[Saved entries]
Segment Open

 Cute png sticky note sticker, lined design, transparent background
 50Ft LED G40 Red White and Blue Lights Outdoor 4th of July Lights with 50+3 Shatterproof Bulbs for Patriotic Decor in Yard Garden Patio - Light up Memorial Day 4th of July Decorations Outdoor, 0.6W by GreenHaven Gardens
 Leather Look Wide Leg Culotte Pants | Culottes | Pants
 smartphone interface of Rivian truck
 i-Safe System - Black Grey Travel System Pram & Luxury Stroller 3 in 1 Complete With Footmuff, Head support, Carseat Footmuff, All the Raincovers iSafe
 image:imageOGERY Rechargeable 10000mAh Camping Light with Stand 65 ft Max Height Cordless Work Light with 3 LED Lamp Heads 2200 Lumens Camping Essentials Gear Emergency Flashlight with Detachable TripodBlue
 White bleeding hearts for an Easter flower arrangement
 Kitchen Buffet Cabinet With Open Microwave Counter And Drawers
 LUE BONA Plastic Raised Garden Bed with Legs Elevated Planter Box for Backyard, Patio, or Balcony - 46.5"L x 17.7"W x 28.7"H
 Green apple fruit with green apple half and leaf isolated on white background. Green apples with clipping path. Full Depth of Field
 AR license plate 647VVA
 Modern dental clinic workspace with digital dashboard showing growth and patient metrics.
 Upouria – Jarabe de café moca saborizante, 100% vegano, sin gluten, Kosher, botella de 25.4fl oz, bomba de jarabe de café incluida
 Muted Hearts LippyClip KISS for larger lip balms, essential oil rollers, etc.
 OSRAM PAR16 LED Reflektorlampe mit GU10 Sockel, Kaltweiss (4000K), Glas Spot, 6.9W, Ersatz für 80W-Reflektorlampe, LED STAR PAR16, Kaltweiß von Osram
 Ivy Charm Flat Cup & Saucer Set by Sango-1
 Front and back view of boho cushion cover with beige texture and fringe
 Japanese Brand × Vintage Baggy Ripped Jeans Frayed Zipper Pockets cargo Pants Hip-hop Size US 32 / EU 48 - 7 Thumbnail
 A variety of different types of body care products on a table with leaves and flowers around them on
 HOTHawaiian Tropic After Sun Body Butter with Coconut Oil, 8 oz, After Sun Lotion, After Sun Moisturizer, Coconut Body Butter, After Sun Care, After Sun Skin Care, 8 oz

Segment Closed

■ **Instructions to follow**
Copy the lines above exactly, beginning at the line that has "smartphone interface of Rivian truck" and stopping after the line that has "image:imageOGERY Rechargeable 10000mAh", and omit the rest.

■ **Output for this task**
 smartphone interface of Rivian truck
 i-Safe System - Black Grey Travel System Pram & Luxury Stroller 3 in 1 Complete With Footmuff, Head support, Carseat Footmuff, All the Raincovers iSafe
 image:imageOGERY Rechargeable 10000mAh Camping Light with Stand 65 ft Max Height Cordless Work Light with 3 LED Lamp Heads 2200 Lumens Camping Essentials Gear Emergency Flashlight with Detachable TripodBlue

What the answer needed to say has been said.